Ms Davis told The Record that two outstanding contributions were those by Helen Alvare, the former pro-life spokeswoman for the US Bishops conference, and Australian Brenda Finlayson.
Helen Alvare spoke on the reduction of femininity to an object of consumerism.
This phenomenon is something everyone can rapidly verify just by looking around at advertising billboards showing women as objects for commercial exploitation, Ms Davis said.
Helen Alvare told the congress that sexualized images of women were today generating staggering amounts of money in the global economy.
She said it is conservatively estimated that the pornography industry is worth 60 billion American dollars a year.
Ms Alvare also argued that because of original sin, women have had a hand in promoting the very consumerism that turns them into objects.
Ms Davis said the complementarity of women and men – a central theme in John Paul II’s Mulieris Dignitatem Letter – was highlighted throughout the Vatican congress, whose official title was Woman and Man: the ‘Humanum’ in its Entirety.
She said that in his opening remarks, the President of the Pontifical Council for the Laity, Cardinal Stanislaw Rylko, argued that society today is blending women and men together in such a way that all sense of the natural difference between them is being lost.
Ms Davis said there was an enormous number of speakers and a wealth of information provided to participants.
She was also particularly impressed by the presentation by Australian Brenda Finlayson who is Vice President of the World Union of Catholic Women’s Organisations.
“Brenda Finlayson told personal stories of women’s experiences.
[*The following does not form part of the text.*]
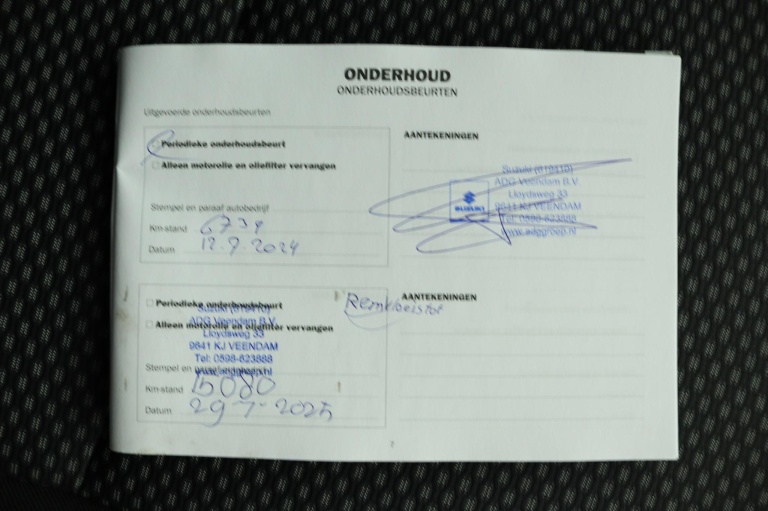 Suzuki Vitara - 1.4 Boosterjet Select Smart Hybrid 65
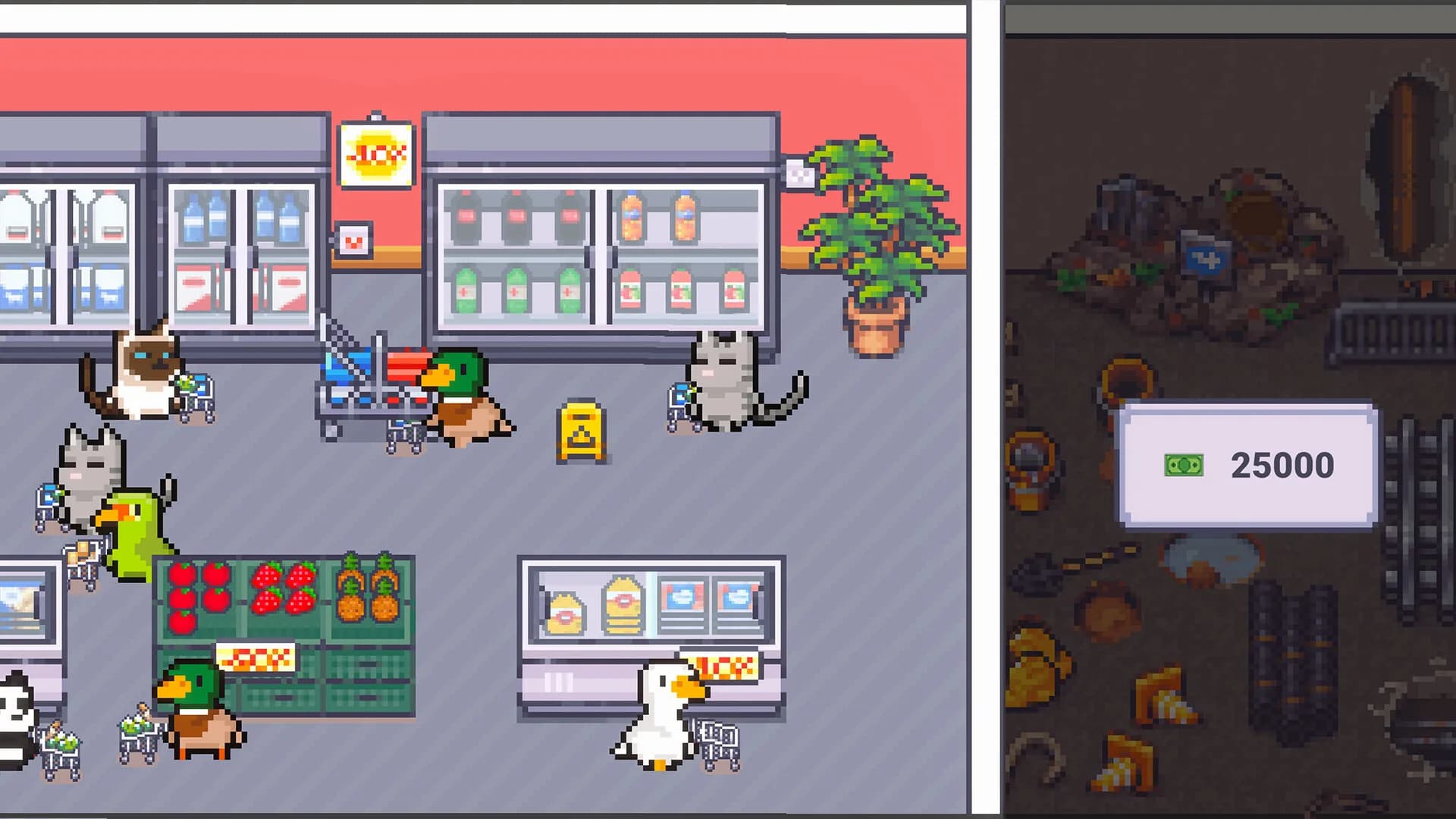 PawMart Tiny Market görsel 7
Amid all the theology and research that was also being presented, this was lovely to hear,” Ms Davis said.
Ms Davis said the congress provided increased recognition of the challenges facing women around the world.
Ms Davis, whose office in Canberra hightlights the role of women in the church, said it was a “reality check” to meet Catholic women from other countries whose situations were radically different, such as women from countries like Malawi and Iraq.
Ms Davis said she learned a great deal from a Malawi woman who said only a small proportion of her country’s population is Catholic. The country is landlocked and poor.
“Women in the Chruch in Malawi were looking for donations equivalent to one Australian cent per person, to resource the building of a shelter,” she said. “All they want is a shelter to enable women to come together in safety.”
Meanwhile Ms Davis learned from an Iraqi woman that millions of women in her country had been made widows.
Meeting such women posed a question for Ms Davis that she would like to find answers to now that she has returned home. That question is — ¬“as women in resource-rich countries, how can we support our sisters in the poorer nations?”
Looking ahead from the her trip to Rome, Ms Davis said the need to help women achieve their potential is important.
“One of the things at the end of the congress was the recognition that at least women are still on the agenda in the Church. We do have a place.”
Ms Davis said she wants to work for greater educational opportunities for young women, and to see further exploration of the opportunities available to women for formation so that they can lead the community in various ways.
“The Church will reach a non-patriarchal stage when we have women in leadership positions,” she says.